Mesures déjà en place

  • Inter­dic­tion de cer­tains pro­duits en plas­tique à usage unique (assi­ettes, pailles, gob­elets, cou­verts, cotons-tiges, boîtes en poly­styrène expansé).
  • Fin de la vais­selle jetable dans les restau­rants, notam­ment les fast-foods, pour les repas con­som­més sur place.
  • Sup­pres­sion de l’emballage plas­tique autour des fruits et des légumes qui peu­vent être ven­dus en vrac. 
  • Déploiement de la sig­nalé­tique info-tri.
  • Général­i­sa­tion de la col­lecte des embal­lages plas­tiques dans le bac jaune.
  • Mise en place de l’indice de réparabilité.
  • Oblig­a­tions pour les fab­ri­cants de met­tre en ligne les infor­ma­tions détail­lées sur les car­ac­téris­tiques envi­ron­nemen­tales des pro­duits (pour les tex­tiles par exem­ple, la traça­bil­ité géo­graphique des étapes de fabrication).
  • Inter­dic­tion d’éliminer les inven­dus non alimentaires.
  • Mise en place du « bonus répa­ra­tion » pour les appareils élec­triques et électroniques.
  • Mise en place de la reprise en mag­a­sin de plusieurs objets du quo­ti­di­en : les meubles, les jou­ets, les arti­cles de sport et de loisirs, les arti­cles de brico­lage et de jardinage.


10 mesures à venir entre 2023 et 2025 

  • Un nou­v­el indice de dura­bil­ité sur les pro­duits électroniques.
    À par­tir de 2024, l’indice de répara­bil­ité devient un indice de dura­bil­ité prenant en compte 3 critères : robustesse, fia­bil­ité, évo­lu­tiv­ité.
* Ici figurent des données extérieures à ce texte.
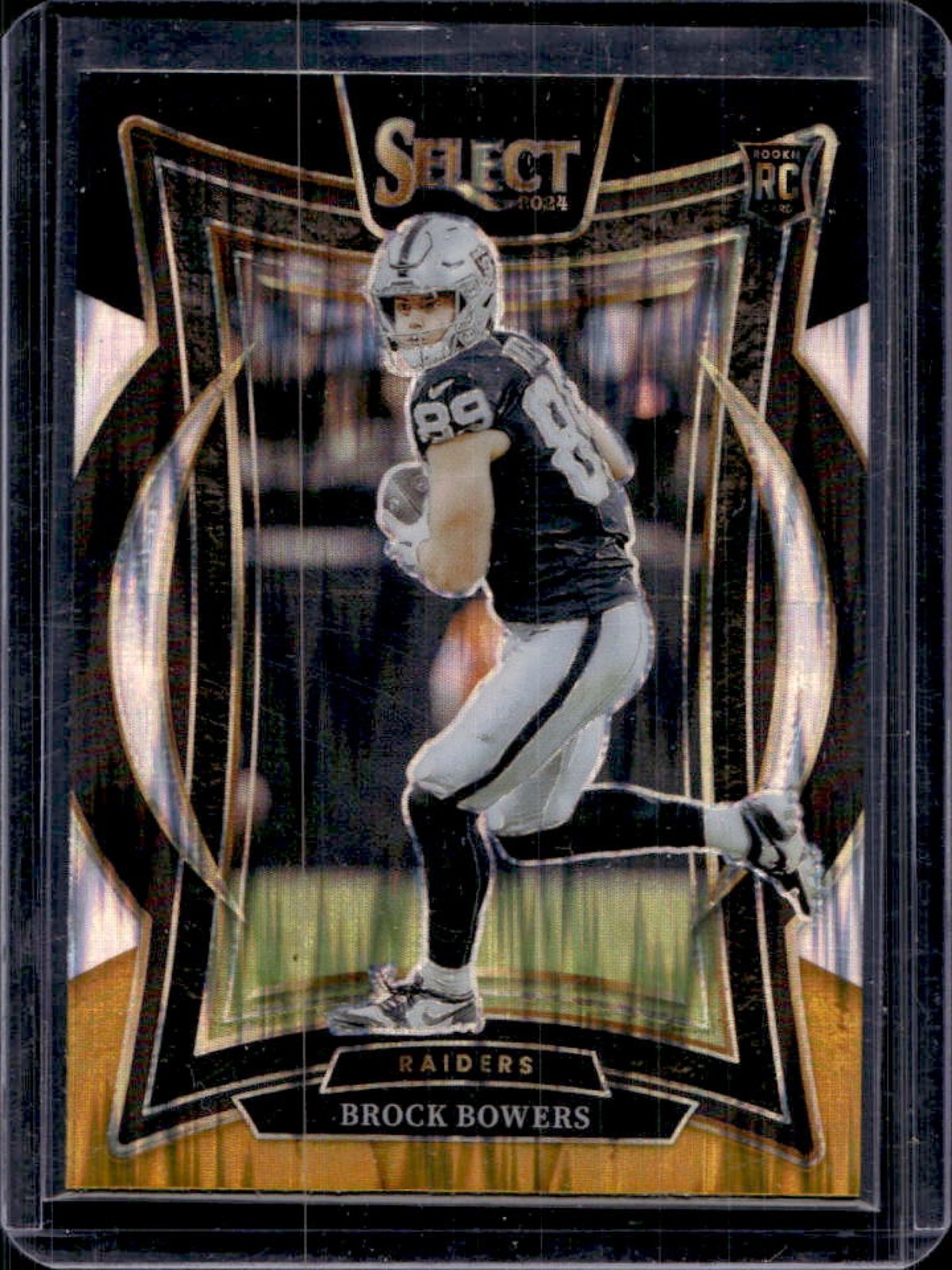 2024 Select Brock Bowers Concourse RC Black and Orange Prizm Shock #31 Raiders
Les pre­miers pro­duits con­cernés seront les smart­phones, les télévi­sions et les lave-linges.
  • L’impression des tick­ets de caisse à la demande pour les petits achats du quo­ti­di­en, dès le print­emps 2023.
  • Une nou­velle fil­ière d’économie cir­cu­laire pour les embal­lages pro­fes­sion­nels (palettes, films, caiss­es, etc.).
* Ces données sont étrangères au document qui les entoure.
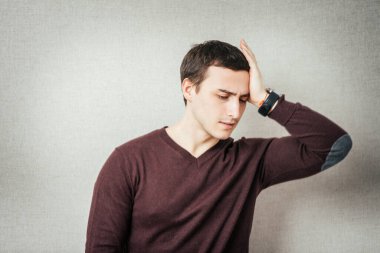 Depresyondaki genç iş adamı başını tutuyor.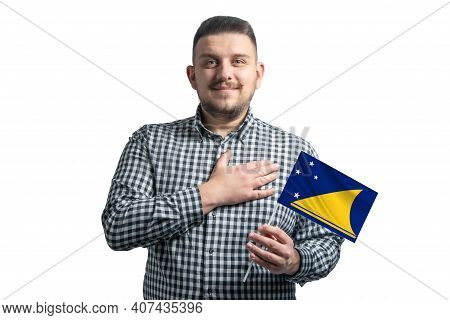 White Guy Holding A Flag Of Tokelau And Holds His Hand On His Heart Isolated On A White Background W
  • Élargir la col­lecte des embal­lages, dévelop­per la consigne.
  • Élargir le déploiement des poubelles de tri dans l’espace public.
  • Mise en œuvre d’une stratégie de réduc­tion, réem­ploi et recy­clage des embal­lages plas­tiques (stratégie des 3R).
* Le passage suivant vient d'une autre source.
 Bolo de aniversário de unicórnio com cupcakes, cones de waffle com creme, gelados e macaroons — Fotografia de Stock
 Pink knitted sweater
  • Mise en place d’une feuille de route 2023–2028 spé­ci­fique à la fil­ière tex­tile : mieux col­lecter, mieux recy­cler, mieux répar­er, dévelop­per la deux­ième vie des tex­tiles, soutenir
    les entre­pris­es vertueuses qui respectent les labels environnementaux.
  • Dévelop­per des solu­tions de fil­tres à microfi­bres plas­tiques sur les lave-linges pour éviter les rejets de microplas­tiques qui pol­lu­ent l’océan.
  • Apporter aux Français une solu­tion de col­lecte des restes ali­men­taires pour val­oris­er ces biodéchets en biogaz ou en com­post utile pour l’économie cir­cu­laire des territoires.
  • Déploy­er des bonus et malus d’écoconception afin d’inciter les fab­ri­cants à ren­dre leurs pro­duits plus durables et plus recyclables.